Implicit Deep Learning
Alicia is currently a 3rd year Ph.D. candidate at the Department of Electrical Engineering and Computer Science at UC Berkeley and a research assistant at the College of Engineering and Computer Science at VinUniversity. She is formally advised by Laurent El Ghaoui and affiliated with Berkeley Artificial Intelligence Research (BAIR) Lab and NSF Artificial Intelligence Research Institute for Advances in Optimization (AI4OPT). Her research interests broadly lie in optimization, natural language processing, and machine learning.

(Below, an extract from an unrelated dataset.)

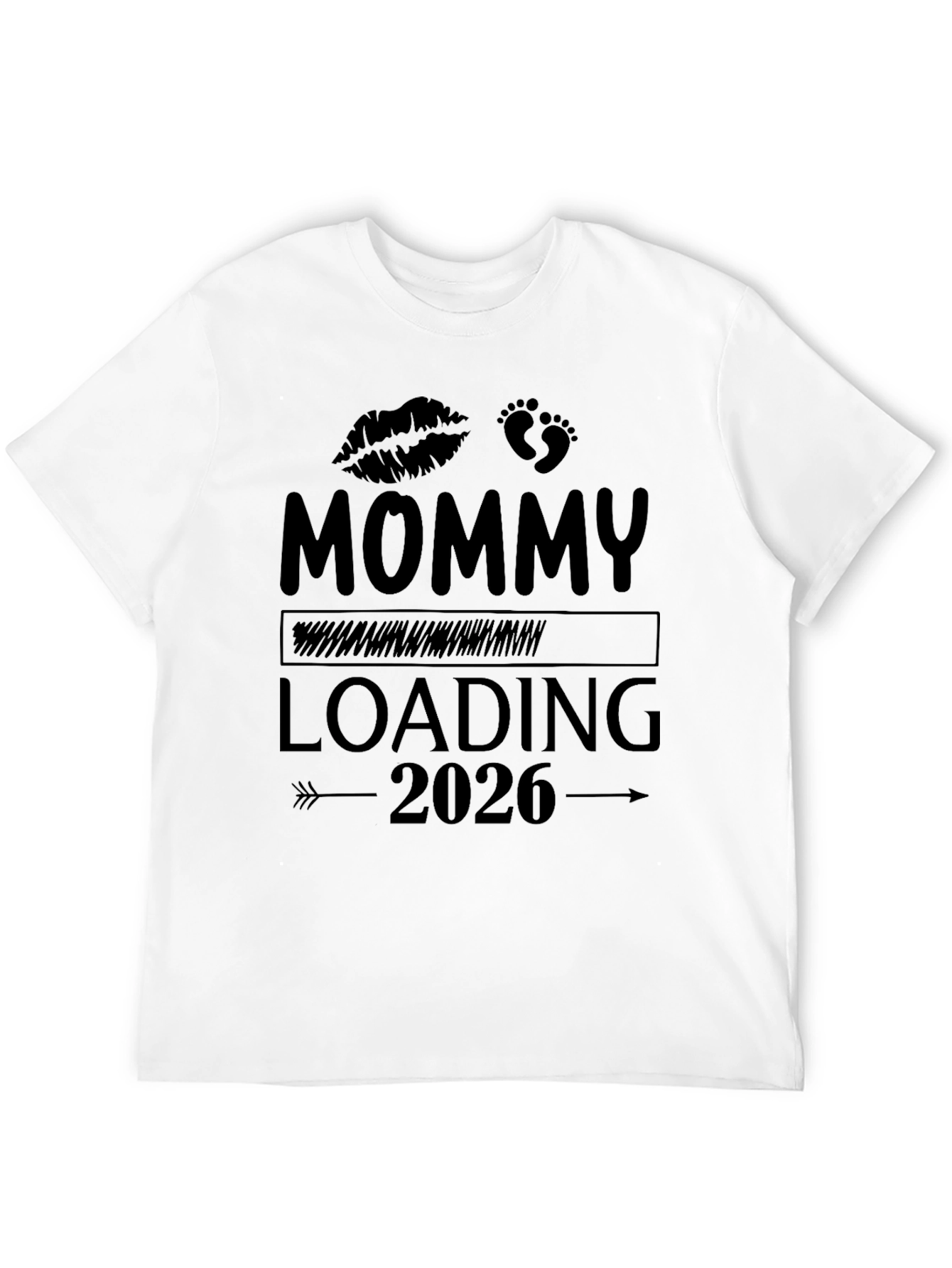 Mommy Loading 2026 Black T-Shirt - Pregnancy Announcement Tee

Recently, prediction rules based on so-called implicit models have emerged as a new, high-potential paradigm in deep learning. These models rely on an “equilibrium” equation to define the prediction, instead of a recurrence through multiple layers. Currently, even very complex deep learning models are based on a “feedforward” structure, without loops, and as such the popular term “neural” applied to such models is not fully warranted, since the brain itself possesses loops. Allowing for loops may be the key to describing complex higher-level reasoning, which has so far eluded the deep learning paradigms. However, it raises the fundamental issue of well-posedness, since there may be no or multiple solutions to the corresponding equilibrium equation. In this talk, I will review some aspects of implicit models, starting from a unifying “state-space” representation that greatly simplifies notation. I will also introduce various training problems of implicit models, including one that allows convex optimization, and their connections to topics such as architecture optimization, model compression, and robustness. In addition, the talk will show the potential of implicit models through experimental results on various problems such as parameter reduction, feature elimination, and mathematical reasoning tasks.